CASH-strapped consumers were warned yesterday not to put their home at risk by using their limited funds to pay credit cards and other loans instead of their mortgage.
Irish consumers are the most indebted in Europe with a combined €180bn owed on personal loans and mortgages.
But many people who are short of cash are prioritising the wrong debts, debt advice company Money Village has warned.
Too often under-pressure consumers are paying the creditor who is shouting the loudest while letting arrears build up on their mortgages, Eugene McDarby of Money Village said.

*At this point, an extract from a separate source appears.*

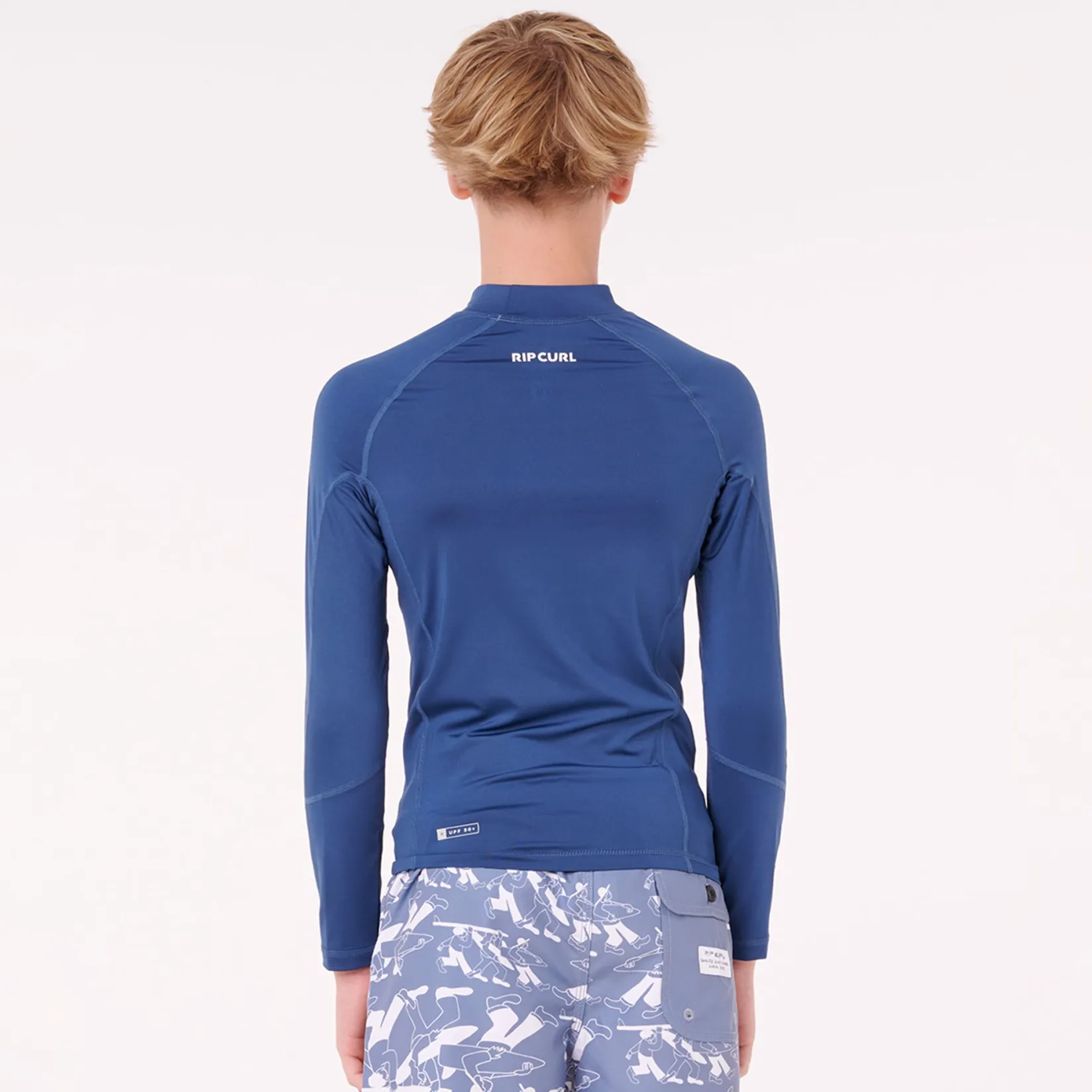 Swimsuits>Rip Curl Waves Upf Rashguard 8-14 Navy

"People have a cloud of debt hanging over them and they are making ill-informed decisions. Consumers need to prioritise keeping a roof over their heads. The next thing is food and paying utility bills like electricity or gas," he said.
"It might seem like a good idea to pay off the credit card, but not if it will lead to arrears on the mortgage. People should not put their home at risk."
Mr McDarby said more pressure is being applied by creditors, which is leading to psychological damage for heavily indebted people.
Many people are keeping their debts secret from family members and friends, a survey conducted by Money Village among its customers found.
Nearly half of those surveyed said they would not borrow from family or friends to get out of their debt trap.
Money Village charges an upfront fee of €495 if it is engaged to deal with a consumer's debt.
State debt advisory service the Money Advice and Budgeting Service (MABS) offers its services free of charge.